Have a look at the following example from this implementation based on "An Online Algorithm for Segmenting Time Series".
My segID is just a column representing the id of a chunk.
This is not trivial and there might be several way of formulating the problem for consumption by a ML algorithm. You should try them all and find how you get the best results.

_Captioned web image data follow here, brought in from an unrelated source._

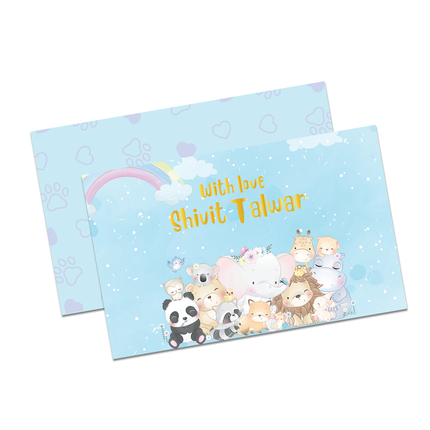 Animal Jungle - Gift Tags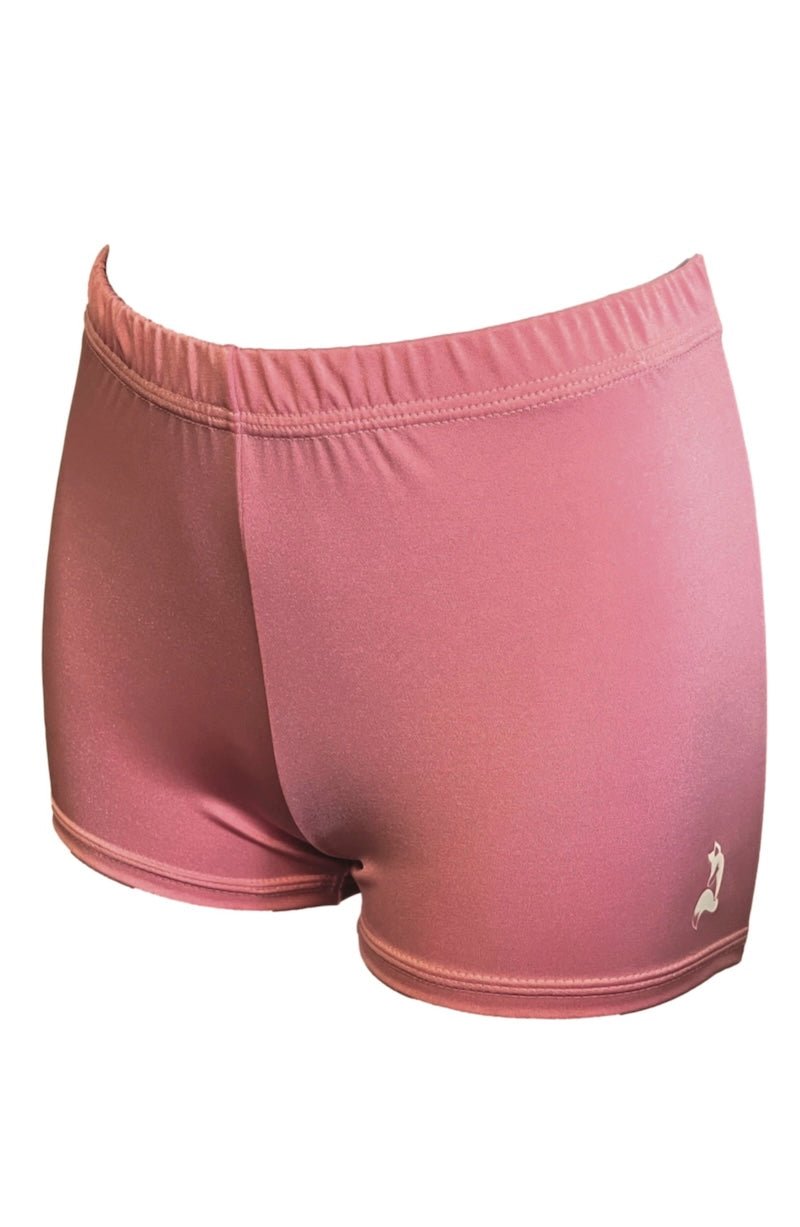 Dancer Pink Lycra Performance Shorts - Foxy’s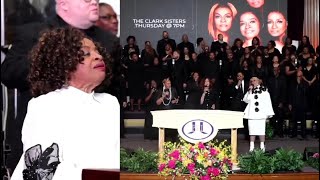 The Clark Sisters MiracleBlessed amp Highly Favored Bishop Winans Convocation 2023 [upl. by Anilad150]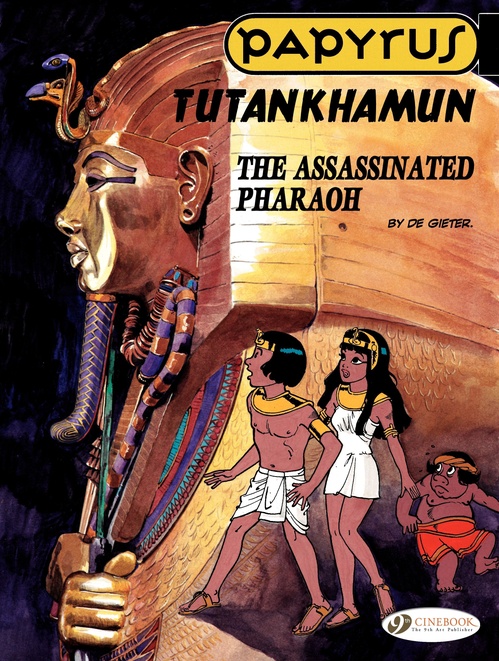 ebook cover of Papyrus - Volume 3 - Tutankhamun, by Lucien De gieter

As you already found you need two things, a matrix X of shape n_samples * n_features and a column vector y of length 'n_samples'. Lets start with the target y.
Target:
As you want to predict a user from a discrete pool of usernames, you have a classification problem an your target will be a vector with np.unique(y) == ['user1', 'user2', ...]
Features
Your features are the information that you provide the ML algorithm for each label/user/target. Unfortunately most algorithms require this information to have a fixed length, but variable length time series don't fit well into this description. So if you want to stick to classic algorithms, you need some way to condense the time series information for a user into a fixed length vector. Some possibilities are the mean, min, max, sum, first, last values, histogram, spectral power, etc. You will need to come up with the ones that make sense for your given problem.

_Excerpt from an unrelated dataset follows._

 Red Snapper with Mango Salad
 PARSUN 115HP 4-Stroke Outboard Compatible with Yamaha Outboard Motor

So if you ignore the SegID information your X matrix will look like this:
y/features
min max ... sum
user1 0.1 1.2 ... 1.1 # <-first time series for user 1
user1 0.0 1.3 ... 1.1 # <-second time series for user 1
user2 0.3 0.4 ... 13.0 # <-first time series for user 2
As SegID is itself a time series you also need to encode it as fixed length information, for example a histogram/counts of all possible values, most frequent value, etc
In this case you will have:
y/features
min max ... sum segID_most_freq segID_min
user1 0.1 1.2 ... 1.1 1 1
user1 0.3 0.4 ... 13 2 1
user2 0.3 0.4 ... 13 5 3
The algorithm will look at this data and will "think": so for user1 the minimum segID is always 1 so if I see a user a prediction time, whose time series has a minimum ID of 1 then it should be user1. If it is around 3 it is probably user2, and so on.
Keep in mind that this is only a possible approach. Sometimes it is useful to ask, what info will I have at prediction time that will allow me to find which user is the one I am seeing and why will this info lead to the given user?